> **WHAT TO WORK ON**: Render every line of the data exactly as written, and leave out the pictures.

•••

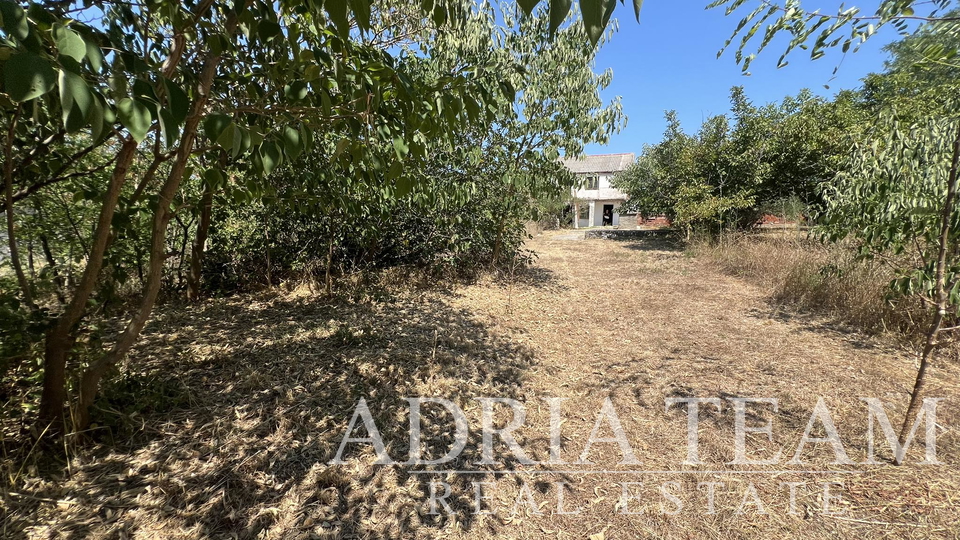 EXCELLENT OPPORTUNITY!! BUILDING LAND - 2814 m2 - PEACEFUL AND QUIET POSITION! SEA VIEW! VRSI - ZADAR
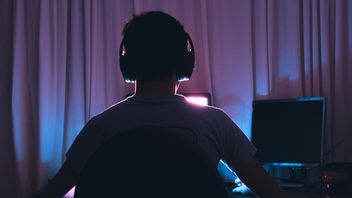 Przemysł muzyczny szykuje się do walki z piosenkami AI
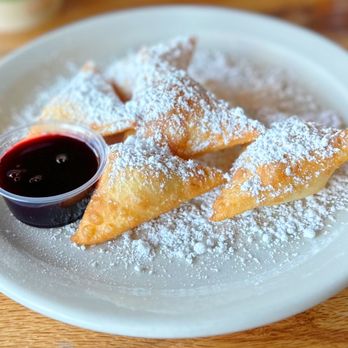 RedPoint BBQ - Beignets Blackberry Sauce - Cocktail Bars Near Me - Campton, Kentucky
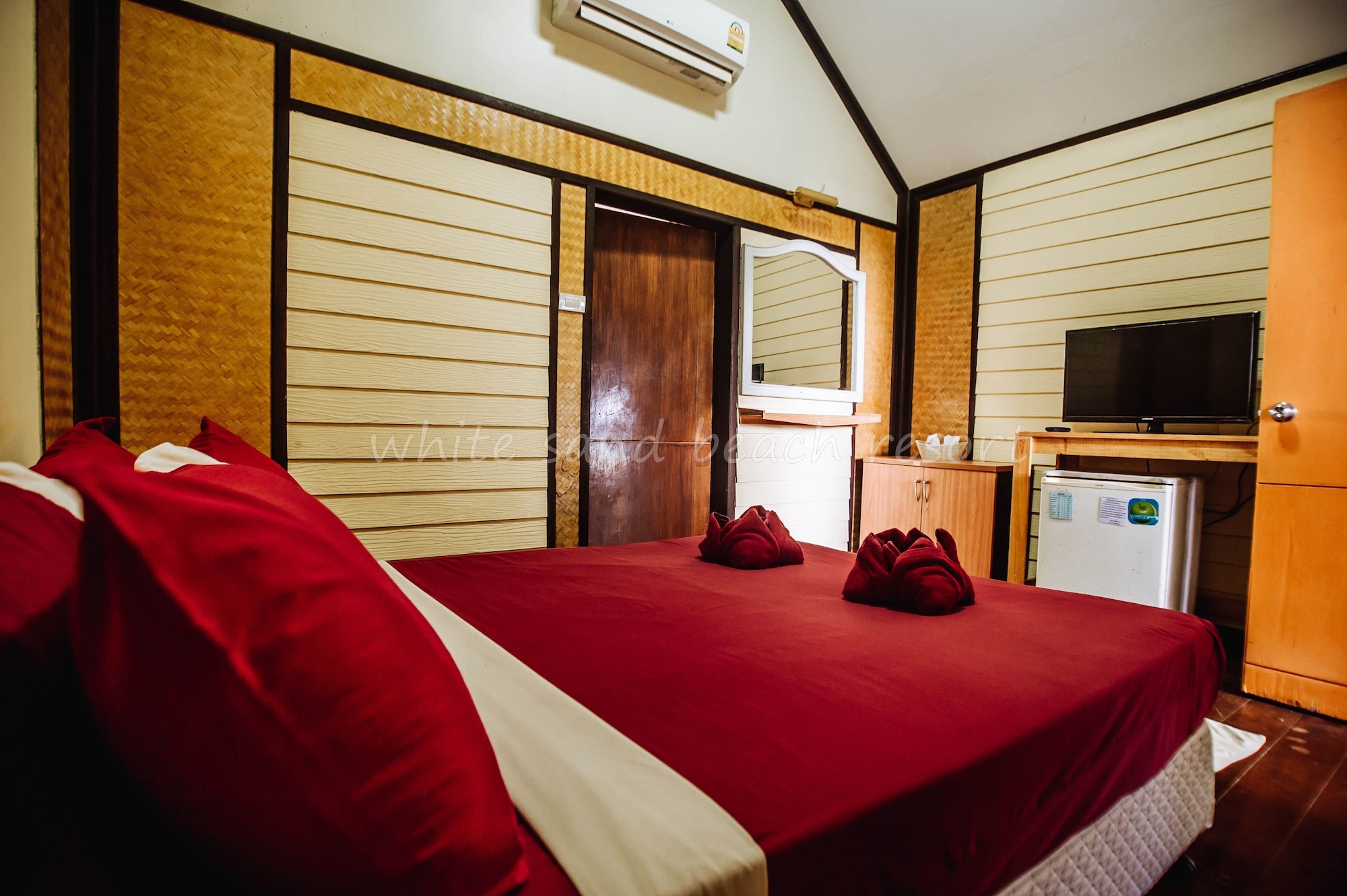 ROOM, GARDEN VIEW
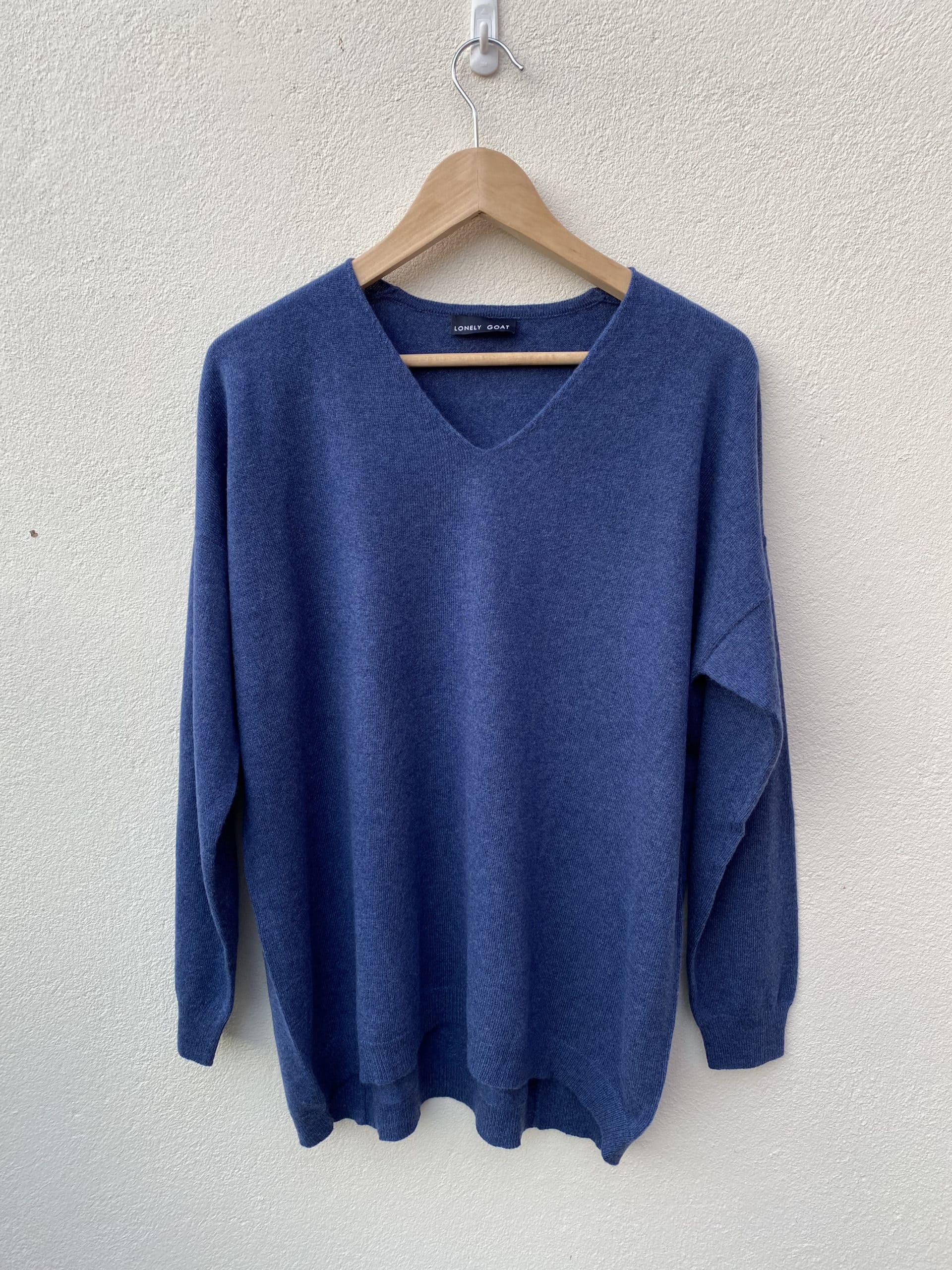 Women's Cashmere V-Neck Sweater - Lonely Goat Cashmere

•••

> **WRITTEN ANSWER**:
 EXCELLENT OPPORTUNITY!! BUILDING LAND - 2814 m2 - PEACEFUL AND QUIET POSITION! SEA VIEW! VRSI - ZADAR
 Przemysł muzyczny szykuje się do walki z piosenkami AI
 RedPoint BBQ - Beignets Blackberry Sauce - Cocktail Bars Near Me - Campton, Kentucky
 ROOM, GARDEN VIEW
 Women's Cashmere V-Neck Sweater - Lonely Goat Cashmere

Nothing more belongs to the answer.